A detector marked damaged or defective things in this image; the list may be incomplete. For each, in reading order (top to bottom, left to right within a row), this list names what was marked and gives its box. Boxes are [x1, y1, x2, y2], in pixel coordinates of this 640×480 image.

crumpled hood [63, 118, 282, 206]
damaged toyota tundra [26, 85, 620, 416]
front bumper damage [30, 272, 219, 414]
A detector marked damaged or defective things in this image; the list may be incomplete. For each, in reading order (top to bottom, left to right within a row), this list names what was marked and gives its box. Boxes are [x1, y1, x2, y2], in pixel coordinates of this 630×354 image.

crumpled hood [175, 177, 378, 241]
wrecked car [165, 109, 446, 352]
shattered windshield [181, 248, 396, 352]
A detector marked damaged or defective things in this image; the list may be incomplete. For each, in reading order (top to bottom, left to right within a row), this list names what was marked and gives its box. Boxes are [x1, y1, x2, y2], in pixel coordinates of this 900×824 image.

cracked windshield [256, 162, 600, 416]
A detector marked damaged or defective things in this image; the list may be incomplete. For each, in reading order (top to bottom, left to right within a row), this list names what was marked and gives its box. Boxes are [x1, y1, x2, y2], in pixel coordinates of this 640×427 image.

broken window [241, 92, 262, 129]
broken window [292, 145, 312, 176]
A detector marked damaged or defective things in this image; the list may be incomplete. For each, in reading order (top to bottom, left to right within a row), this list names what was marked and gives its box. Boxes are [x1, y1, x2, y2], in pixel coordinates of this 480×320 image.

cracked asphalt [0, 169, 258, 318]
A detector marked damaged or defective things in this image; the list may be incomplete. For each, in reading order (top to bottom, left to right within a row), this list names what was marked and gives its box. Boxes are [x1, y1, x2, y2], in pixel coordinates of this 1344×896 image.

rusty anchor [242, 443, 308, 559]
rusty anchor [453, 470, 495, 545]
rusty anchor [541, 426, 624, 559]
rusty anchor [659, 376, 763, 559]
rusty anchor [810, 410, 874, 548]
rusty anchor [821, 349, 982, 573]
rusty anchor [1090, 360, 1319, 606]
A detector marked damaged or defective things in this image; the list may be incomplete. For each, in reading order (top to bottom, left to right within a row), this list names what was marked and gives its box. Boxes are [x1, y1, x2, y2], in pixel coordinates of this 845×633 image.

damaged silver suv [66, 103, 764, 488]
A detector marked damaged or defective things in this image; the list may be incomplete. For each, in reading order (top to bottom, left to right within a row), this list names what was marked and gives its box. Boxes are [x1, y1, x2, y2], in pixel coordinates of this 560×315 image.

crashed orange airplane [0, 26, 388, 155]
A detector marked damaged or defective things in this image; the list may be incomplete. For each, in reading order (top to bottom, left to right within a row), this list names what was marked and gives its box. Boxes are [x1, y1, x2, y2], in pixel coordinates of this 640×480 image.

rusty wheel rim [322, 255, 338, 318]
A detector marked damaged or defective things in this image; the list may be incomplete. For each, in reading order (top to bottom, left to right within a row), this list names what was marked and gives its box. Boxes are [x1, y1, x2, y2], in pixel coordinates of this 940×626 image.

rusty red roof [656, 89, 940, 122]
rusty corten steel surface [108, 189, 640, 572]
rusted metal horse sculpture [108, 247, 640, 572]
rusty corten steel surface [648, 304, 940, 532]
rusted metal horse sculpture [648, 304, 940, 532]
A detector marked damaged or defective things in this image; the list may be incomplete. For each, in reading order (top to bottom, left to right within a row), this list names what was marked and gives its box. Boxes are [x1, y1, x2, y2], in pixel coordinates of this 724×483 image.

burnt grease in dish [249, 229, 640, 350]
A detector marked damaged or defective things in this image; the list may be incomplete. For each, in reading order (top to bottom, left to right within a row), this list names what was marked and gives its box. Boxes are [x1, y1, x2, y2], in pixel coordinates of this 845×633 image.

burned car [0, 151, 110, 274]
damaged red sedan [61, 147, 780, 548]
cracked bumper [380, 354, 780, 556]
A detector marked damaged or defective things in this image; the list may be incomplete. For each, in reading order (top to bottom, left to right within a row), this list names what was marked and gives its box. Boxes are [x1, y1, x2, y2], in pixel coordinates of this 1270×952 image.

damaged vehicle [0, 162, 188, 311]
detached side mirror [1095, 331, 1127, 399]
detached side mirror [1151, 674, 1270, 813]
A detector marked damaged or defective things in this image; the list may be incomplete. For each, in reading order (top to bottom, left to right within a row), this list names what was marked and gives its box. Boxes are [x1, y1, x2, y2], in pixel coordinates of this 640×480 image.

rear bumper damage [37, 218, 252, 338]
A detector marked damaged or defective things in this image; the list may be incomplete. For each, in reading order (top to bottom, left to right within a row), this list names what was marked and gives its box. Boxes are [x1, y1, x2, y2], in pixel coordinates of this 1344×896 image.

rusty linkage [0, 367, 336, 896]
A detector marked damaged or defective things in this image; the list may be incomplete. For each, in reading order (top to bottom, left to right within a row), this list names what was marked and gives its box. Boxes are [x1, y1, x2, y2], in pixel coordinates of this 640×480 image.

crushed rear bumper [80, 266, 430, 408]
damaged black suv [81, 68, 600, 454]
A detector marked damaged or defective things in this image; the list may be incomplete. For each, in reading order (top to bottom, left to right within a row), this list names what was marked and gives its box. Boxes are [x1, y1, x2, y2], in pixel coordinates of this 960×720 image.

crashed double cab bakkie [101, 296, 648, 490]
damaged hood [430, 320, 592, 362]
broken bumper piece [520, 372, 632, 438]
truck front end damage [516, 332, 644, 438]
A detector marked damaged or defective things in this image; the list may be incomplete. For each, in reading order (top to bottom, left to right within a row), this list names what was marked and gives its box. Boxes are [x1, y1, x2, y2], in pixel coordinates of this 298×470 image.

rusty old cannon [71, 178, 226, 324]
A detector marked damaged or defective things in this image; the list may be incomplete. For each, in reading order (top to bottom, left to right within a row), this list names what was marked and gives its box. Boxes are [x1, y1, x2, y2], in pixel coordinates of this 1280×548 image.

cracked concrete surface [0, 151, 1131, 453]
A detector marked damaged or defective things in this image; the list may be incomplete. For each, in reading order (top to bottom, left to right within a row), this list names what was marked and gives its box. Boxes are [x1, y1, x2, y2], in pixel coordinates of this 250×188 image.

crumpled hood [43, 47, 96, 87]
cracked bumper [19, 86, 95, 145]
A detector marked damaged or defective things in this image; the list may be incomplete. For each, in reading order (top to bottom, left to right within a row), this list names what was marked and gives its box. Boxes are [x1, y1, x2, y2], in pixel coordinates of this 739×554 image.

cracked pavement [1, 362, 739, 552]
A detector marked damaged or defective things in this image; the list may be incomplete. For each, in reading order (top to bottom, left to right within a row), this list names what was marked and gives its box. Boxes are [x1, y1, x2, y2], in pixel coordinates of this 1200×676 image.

**Activity**.
Word for word, retype each record.

**Answer for this exercise**.
A detector marked damaged or defective things in this image; the list may be incomplete. For each, in reading order (top to bottom, left to right within a row), this list names what was marked and gives its box. Boxes are [x1, y1, x2, y2], in pixel coordinates of this 640×480 image.

crumpled hood [63, 118, 282, 206]
damaged toyota tundra [26, 85, 620, 416]
front bumper damage [30, 272, 219, 414]
A detector marked damaged or defective things in this image; the list may be incomplete. For each, in reading order (top to bottom, left to right within a row), this list names what was marked and gives its box. Boxes are [x1, y1, x2, y2], in pixel coordinates of this 630×354 image.

crumpled hood [175, 177, 378, 241]
wrecked car [165, 109, 446, 352]
shattered windshield [181, 248, 396, 352]
A detector marked damaged or defective things in this image; the list may be incomplete. For each, in reading order (top to bottom, left to right within a row), this list names what was marked and gives its box. Boxes are [x1, y1, x2, y2], in pixel coordinates of this 900×824 image.

cracked windshield [256, 162, 600, 416]
A detector marked damaged or defective things in this image; the list may be incomplete. For each, in reading order (top to bottom, left to right within a row), this list names what was marked and gives its box. Boxes are [x1, y1, x2, y2], in pixel coordinates of this 640×427 image.

broken window [241, 92, 262, 129]
broken window [292, 145, 312, 176]
A detector marked damaged or defective things in this image; the list may be incomplete. For each, in reading order (top to bottom, left to right within a row), this list names what was marked and gives its box. Boxes are [x1, y1, x2, y2], in pixel coordinates of this 480×320 image.

cracked asphalt [0, 169, 258, 318]
A detector marked damaged or defective things in this image; the list may be incomplete. For each, in reading order (top to bottom, left to right within a row), this list names what was marked and gives its box. Boxes are [x1, y1, x2, y2], in pixel coordinates of this 1344×896 image.

rusty anchor [242, 443, 308, 559]
rusty anchor [453, 470, 495, 545]
rusty anchor [541, 426, 624, 559]
rusty anchor [659, 376, 763, 559]
rusty anchor [810, 410, 874, 548]
rusty anchor [821, 349, 982, 573]
rusty anchor [1090, 360, 1319, 606]
A detector marked damaged or defective things in this image; the list may be incomplete. For each, in reading order (top to bottom, left to right within a row), this list names what was marked and gives its box. Boxes are [x1, y1, x2, y2], in pixel coordinates of this 845×633 image.

damaged silver suv [66, 103, 764, 488]
A detector marked damaged or defective things in this image; the list may be incomplete. For each, in reading order (top to bottom, left to right within a row), this list names what was marked and gives its box. Boxes are [x1, y1, x2, y2], in pixel coordinates of this 560×315 image.

crashed orange airplane [0, 26, 388, 155]
A detector marked damaged or defective things in this image; the list may be incomplete. For each, in reading order (top to bottom, left to right within a row), this list names what was marked and gives its box. Boxes are [x1, y1, x2, y2], in pixel coordinates of this 640×480 image.

rusty wheel rim [322, 255, 338, 318]
A detector marked damaged or defective things in this image; the list may be incomplete. For each, in reading order (top to bottom, left to right within a row), this list names what was marked and gives its box. Boxes are [x1, y1, x2, y2], in pixel coordinates of this 940×626 image.

rusty red roof [656, 89, 940, 122]
rusty corten steel surface [108, 189, 640, 572]
rusted metal horse sculpture [108, 247, 640, 572]
rusty corten steel surface [648, 304, 940, 532]
rusted metal horse sculpture [648, 304, 940, 532]
A detector marked damaged or defective things in this image; the list may be incomplete. For each, in reading order (top to bottom, left to right within a row), this list names what was marked and gives its box. Boxes are [x1, y1, x2, y2], in pixel coordinates of this 724×483 image.

burnt grease in dish [249, 229, 640, 350]
A detector marked damaged or defective things in this image; the list may be incomplete. For each, in reading order (top to bottom, left to right within a row), this list names what was marked and gives its box. Boxes are [x1, y1, x2, y2], in pixel coordinates of this 845×633 image.

burned car [0, 151, 110, 274]
damaged red sedan [61, 147, 780, 548]
cracked bumper [380, 354, 780, 556]
A detector marked damaged or defective things in this image; the list may be incomplete. For each, in reading order (top to bottom, left to right within a row), this list names what was marked and gives its box. Boxes are [x1, y1, x2, y2], in pixel coordinates of this 1270×952 image.

damaged vehicle [0, 162, 188, 311]
detached side mirror [1095, 331, 1127, 399]
detached side mirror [1151, 674, 1270, 813]
A detector marked damaged or defective things in this image; the list may be incomplete. For each, in reading order (top to bottom, left to right within a row), this list names what was marked and gives its box. Boxes are [x1, y1, x2, y2], in pixel coordinates of this 640×480 image.

rear bumper damage [37, 218, 252, 338]
A detector marked damaged or defective things in this image; the list may be incomplete. For each, in reading order (top to bottom, left to right within a row), this list names what was marked and gives its box. Boxes are [x1, y1, x2, y2], in pixel coordinates of this 1344×896 image.

rusty linkage [0, 367, 336, 896]
A detector marked damaged or defective things in this image; the list may be incomplete. For each, in reading order (top to bottom, left to right within a row), this list names what was marked and gives its box. Boxes are [x1, y1, x2, y2], in pixel coordinates of this 640×480 image.

crushed rear bumper [80, 266, 430, 408]
damaged black suv [81, 68, 600, 454]
A detector marked damaged or defective things in this image; the list may be incomplete. For each, in reading order (top to bottom, left to right within a row), this list names what was marked and gives its box. Boxes are [x1, y1, x2, y2], in pixel coordinates of this 960×720 image.

crashed double cab bakkie [101, 296, 648, 490]
damaged hood [430, 320, 592, 362]
broken bumper piece [520, 372, 632, 438]
truck front end damage [516, 332, 644, 438]
A detector marked damaged or defective things in this image; the list may be incomplete. For each, in reading order (top to bottom, left to right within a row), this list names what was marked and gives its box. Boxes are [x1, y1, x2, y2], in pixel coordinates of this 298×470 image.

rusty old cannon [71, 178, 226, 324]
A detector marked damaged or defective things in this image; the list may be incomplete. For each, in reading order (top to bottom, left to right within a row), this list names what was marked and gives its box. Boxes are [x1, y1, x2, y2], in pixel coordinates of this 1280×548 image.

cracked concrete surface [0, 151, 1131, 453]
A detector marked damaged or defective things in this image; the list may be incomplete. For each, in reading order (top to bottom, left to right within a row), this list names what was marked and gives its box. Boxes are [x1, y1, x2, y2], in pixel coordinates of this 250×188 image.

crumpled hood [43, 47, 96, 87]
cracked bumper [19, 86, 95, 145]
A detector marked damaged or defective things in this image; the list may be incomplete. For each, in reading order (top to bottom, left to right within a row), this list names what was marked and gives its box. Boxes are [x1, y1, x2, y2], in pixel coordinates of this 739×554 image.

cracked pavement [1, 362, 739, 552]
A detector marked damaged or defective things in this image; the list may be incomplete. For each, in reading order (top to bottom, left to right within a row), this list names what was marked and gives its box. Boxes are [x1, y1, x2, y2], in pixel coordinates of this 1200×676 image.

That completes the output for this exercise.